Isn't the 15Amp circuit an AC circuit that needs to rectified and regulated?

[D-17_Dave 12]

Sam, you could do this but engine rpm affects the voltage output. It also maxes out at 12 volts so even wide open the lights aren't very bright. As the rpm's drop the brightness does also. I ussually find these to be less than a crappy solution to have lights. If your not going to run the lights much like for mowing or some other long useage chore I'd leave it as it is and run it.

[ambler 0]

I thought the flywheel wouldn't support a full stator. I have an engine like sams and would like to upgrade to 16 amp dc.

[Al 6]

DAve, You are essentially correct and the 1 amp or 3 amp circuit does the same thing. It only charges at top rpms as the lights circuit with a diode will. As Bob asked, the 15 amp system must be regulated. This because the full wave rectified output from the stator is significantly higher than 14 volts and would try to charge at a higher rate than the 15 amps. What happens is the regulator controls the output from the stator and limits the output from the regulator rectifier to about 14.5 volts since this is about 2+ volts higher than the battery voltage, the current flows to the battery and charges it. If there were no regulator, the voltage as the battery became charged would continue to go up and would try to go to maybe 20 volts, and this would overheat and boil the electrolyte out of the battery and destroy it. With these low amp systems the reason they are able to use them unregulated is they have limited output voltage from the stator and are only half wave rectified as you mentioned above. In reality they only charge near full throttle and since they only replace the power the starter used they eventually replace it. If lights are used even at full rpm the charging system capacity will not replace the energy the lights are using and the battery will discharge even though the charging system is still trying to charge the battrery when the unit is being used.

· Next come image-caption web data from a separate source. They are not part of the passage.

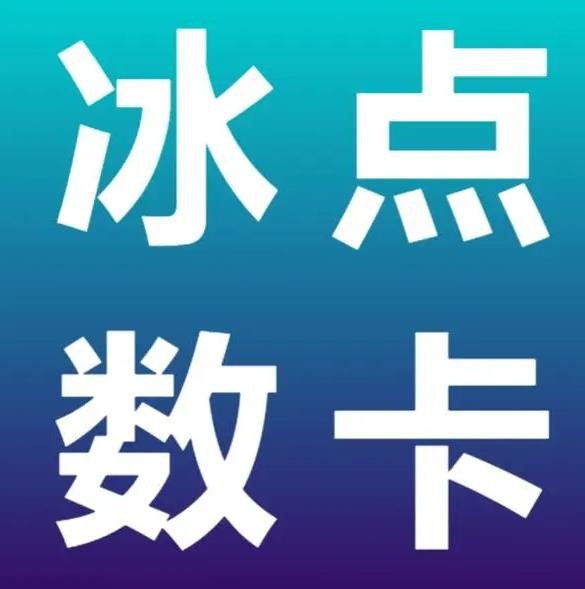 代刷网站推广快手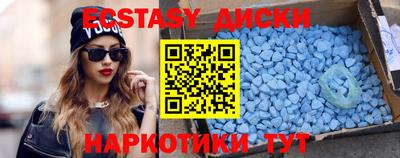ALPHA PVP Пугачёв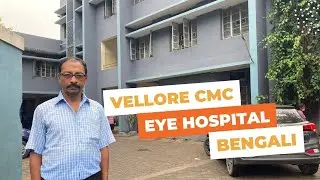 || CMC Eye Hospital In Vellore Full Details বাংলায় জানুন || ভেলোর চোখের  হসপিটালের সঠিক তথ্য ||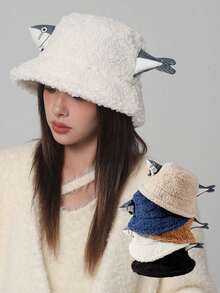 1pc New Salted Fish-Shaped Fisherman Hats, New Cartoon Cute Hats For Men And Women In Autumn And Winter, Warm, Fashionable And Funny Basin Hats, Suitable For Outdoor Gatherings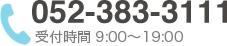 TEL:0523833111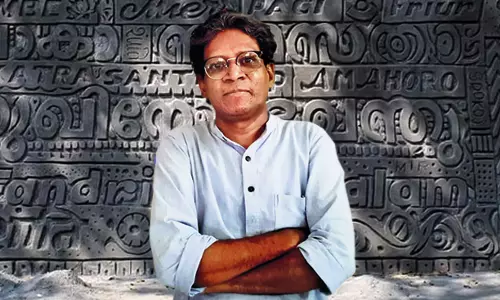 കാശി ദര്‍പ്പണ്‍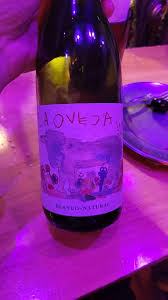 La Oveja Santa Julia 2021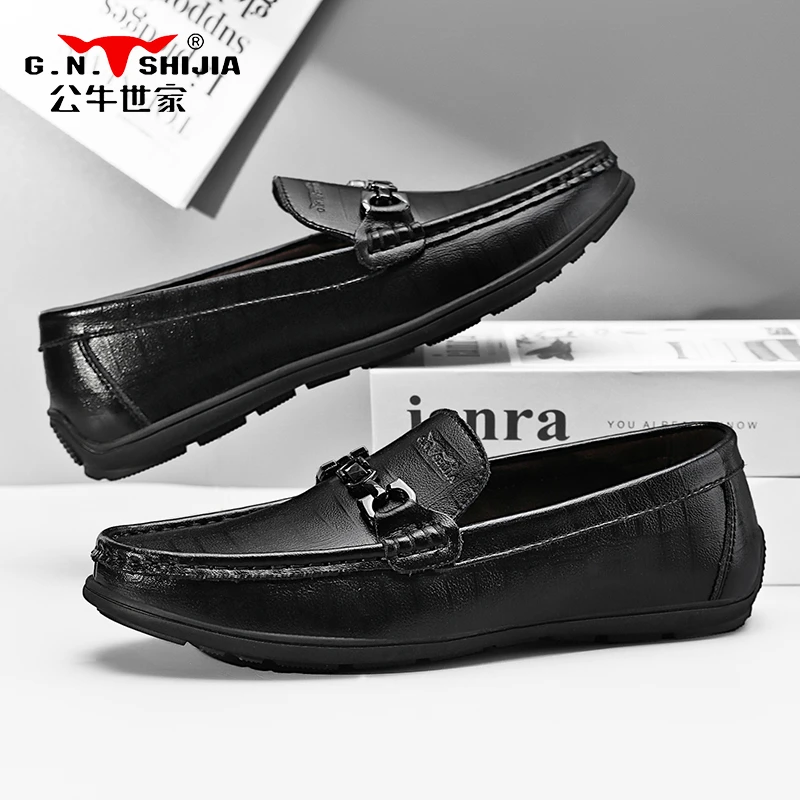 公牛世家男鞋秋季休闲驾车豆豆一脚蹬软面软皮休闲商务百搭小皮鞋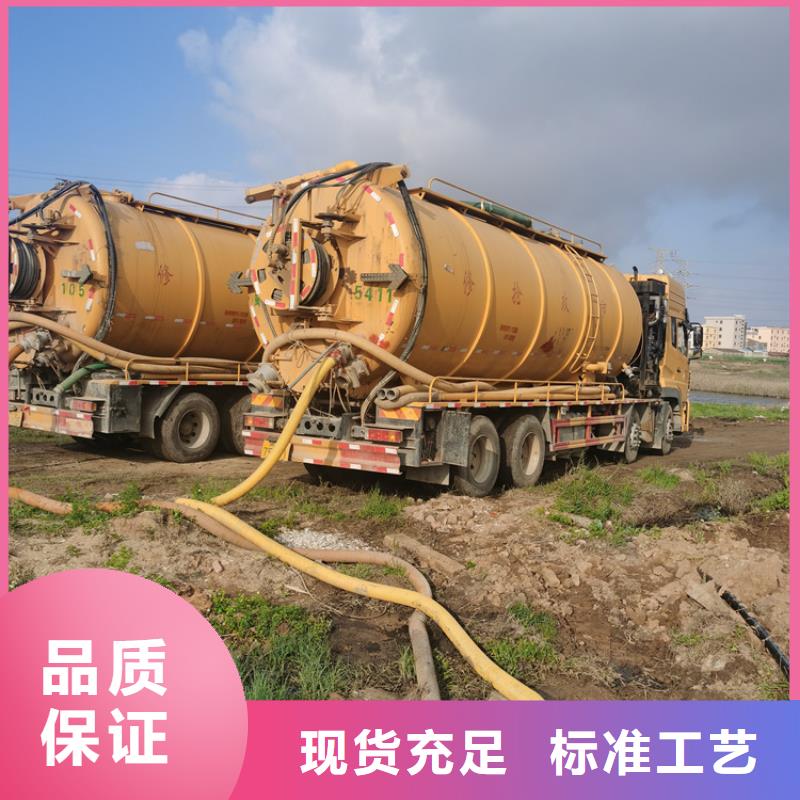 化糞池清理-城市垃圾處理購買的是放心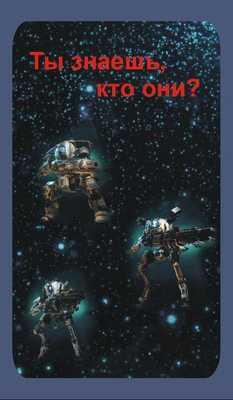 Emulate Android APK Titanfall Quiz Emulate Android APK Titanfall Quiz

Same thing happens with units with electric clutches, these charging systems can't be used with electric clutches. In the Vangards, there 3 sizes of magnets that get into the process also. Al Eden

[HubbardRA 19]

I agree with Al's explanation. I once took the output from the 15 amp alternator on a K341 Kohler, hooked it to a full wave bridge rectifier, then hooked the DC output from the rectifier thru a voltage regulator from a starter-generator. This setup worked great the whole time I had it.